壮絶な戦いのなか、それらに苦しくも辛勝し、大切なモノを守れたときの温かさが見事。
とにかくずっと蜜のターンだった。けれど蜜の魅力も最大限に顕れていた気がします!
レジンキャストミルク〈4〉 (電撃文庫)
舞鶴蜜が、まだ速見蜜という名前だったころ。表紙の蜜がいい。
蜜に生まれて初めての友達ができる。 その名は、直川君子。
それから2年後、“無限回廊(エターナル・アイドル)” の策略に巻き込まれ、
連れ去られてしまった君子を前にして、蜜がとった行動とは――。
黒の戦装束は、姉妹の絆の証――!
少年漫画らしい、王道展開的な。囚われた存在を取り返すべく、或いは怨敵を抹殺すべく、このステージの人間達はそれぞれの思いを胸に動く。主要人物一人一人に見せ場があってかなり燃える展開でした!

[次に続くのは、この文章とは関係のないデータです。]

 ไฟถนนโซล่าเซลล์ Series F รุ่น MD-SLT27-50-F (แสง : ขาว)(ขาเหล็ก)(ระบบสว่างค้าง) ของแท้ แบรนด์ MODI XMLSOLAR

前回は自分の不始末から硝子を失ったことに、機能停止状態みたいな晶でしたが、周りの人間達の温かい(?)言葉によって励まされ再起。でもこの人たちの関係って説明しづらいよな。それなりの信頼関係は築いていると思うのですが、果たしてどうだか。それでも理緒や殊子先輩は晶へ「利用しろ」などと言うし、非常に面白い関係。特に理緒はこんな境遇だからやられるなら徹底的に利用してほしいと言う。それは信頼と置き換えることもできるけど、それでも彼女の半端嫌いは徹底していますね。

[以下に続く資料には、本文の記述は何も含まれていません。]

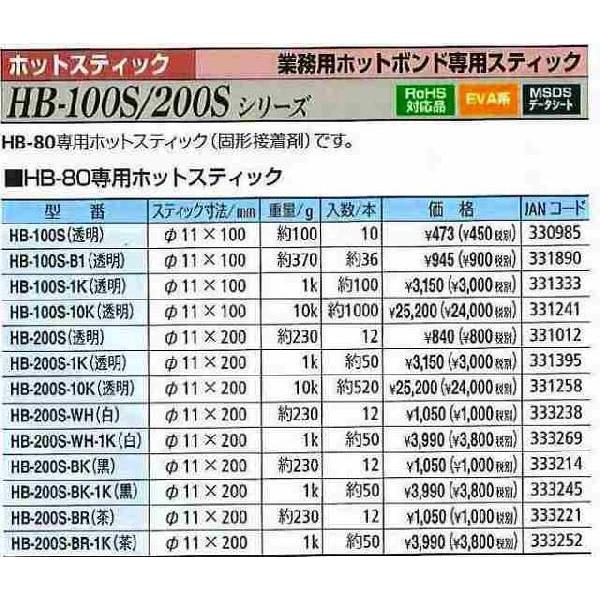 太洋電機産業 グット goot ホットスティック 100mm 10本入り HB-100S [A011619]｜daishinshop｜02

まあそんな晶よりも今回は蜜の覚悟と殊子先輩のアンダーゲートオープンがカッコよかったわけで。
何に対しても無関心を貫いていた蜜の痛切な過去編が明かされ、後に君子との触れ合いを通じてだんだん心を開いていくところがいいなぁ。蜜にもこんな場面があったのね。しつこいほどに君子に言い寄られて、だんだんタジタジになってしまう蜜かわいいよ蜜。昔の殊子先輩もどことなく蜜と似通った考え方を持ってそうだったなー。
表紙のゴシックドレスが蜜に相応しい戦闘衣装なんてカッコよすぎです。この中で一番感情的で脆弱で不器用だけれども、健気に接してくれた君子のために全てを背負い込み、自分の命は厭わないで立ち向かっていく姿が素敵すぎる。それほど彼女の決意の強さが顕れてます。
でもって殊子先輩のアンダーゲートオープンもテンション上がったよぅ! でも能力的にはかなりチートだと思ったことは内緒。
ラストシーンは君子のセリフに思わずほろりときてしまいました。でも、以降がさらに厳しい戦いになることうけ合いなので、ちょっと怖いなー。
しかし毎度毎度、合間合間に入るユーモアがたまんない。これが黒一色を回避する緩衝材でもあるし、逆に非日常の凄惨さを助長させるような役割も果たすから不思議。でもこういうクスリとくる会話は絶対あったほうがいいよね。
なんだろうなー、なんでこんな面白く思っちゃうんだろうなー。これかなり人選ぶ作品だと思うのに。
とにかく自分では説明しづらい面白さが詰まってます。超オススメ!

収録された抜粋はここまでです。